[Short text fragments from websites]

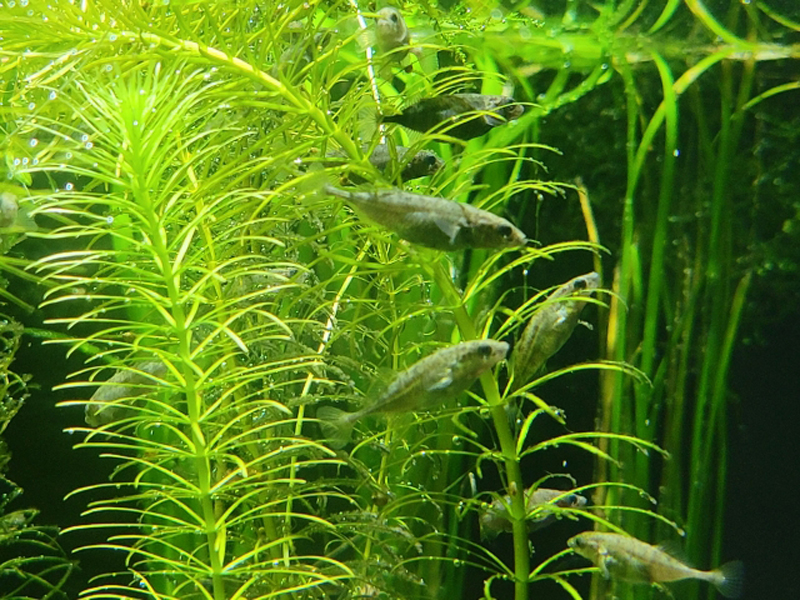 水草の茂みを泳ぐ複数のメダカと気泡の付いた水槽内景観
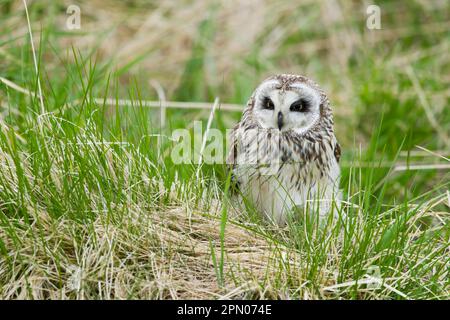 Gufo corto, gufi corti (Asio flammeus), gufi, animali, uccelli, gufo corto adulto, In piedi in erba lunga, Islanda Foto Stock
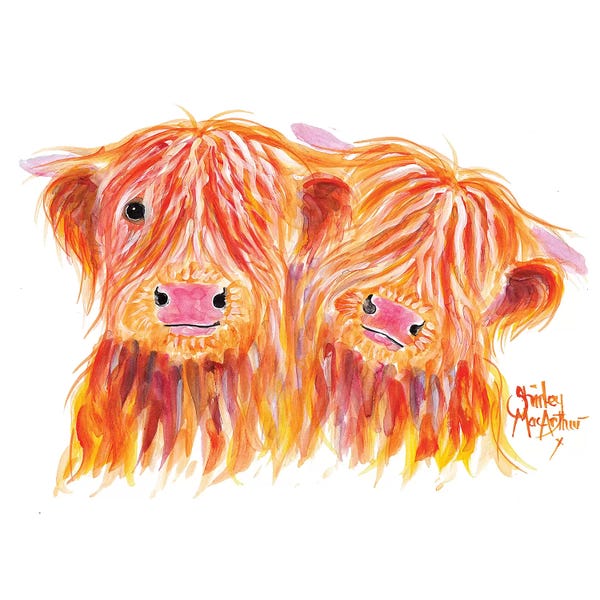 Shirley Macarthur: Buddies by Shirley Macarthur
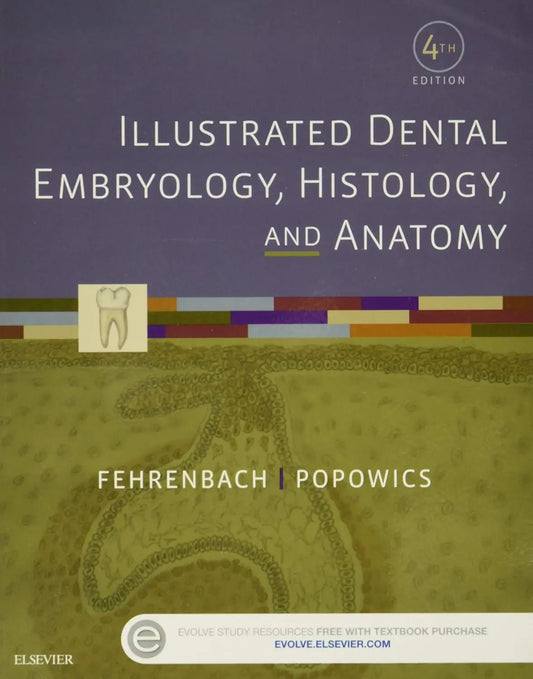 dental embryology, dental histology, dental anatomy,
fehrenbach, popowics, elsevier dental, 4th edition,
dental hygiene, oral biology, best price dental book,
illustrated dental anatomy, evolve resources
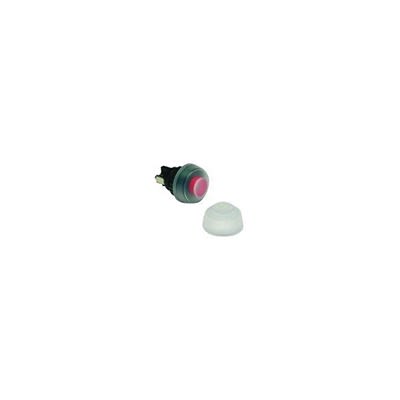 RAFI Push Button Bezel for Use with Pushbutton [5.52.008.115/0000]; 553-921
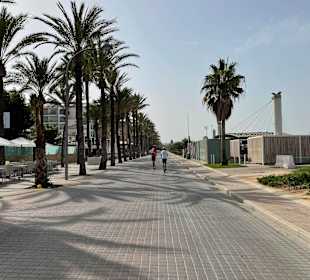 Strandpromenade Playa/Platja de Palma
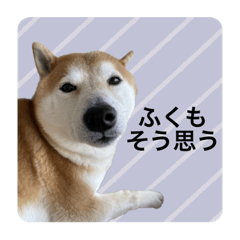 fuku stamp by natsumi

(Work to complete): Write out exactly the lines from the one that contains "dental embryology, dental" through the last line of the data above, both included. Leave every picture out.

(Answer below):
 dental embryology, dental histology, dental anatomy,
fehrenbach, popowics, elsevier dental, 4th edition,
dental hygiene, oral biology, best price dental book,
illustrated dental anatomy, evolve resources
 RAFI Push Button Bezel for Use with Pushbutton [5.52.008.115/0000]; 553-921
 Strandpromenade Playa/Platja de Palma
 fuku stamp by natsumi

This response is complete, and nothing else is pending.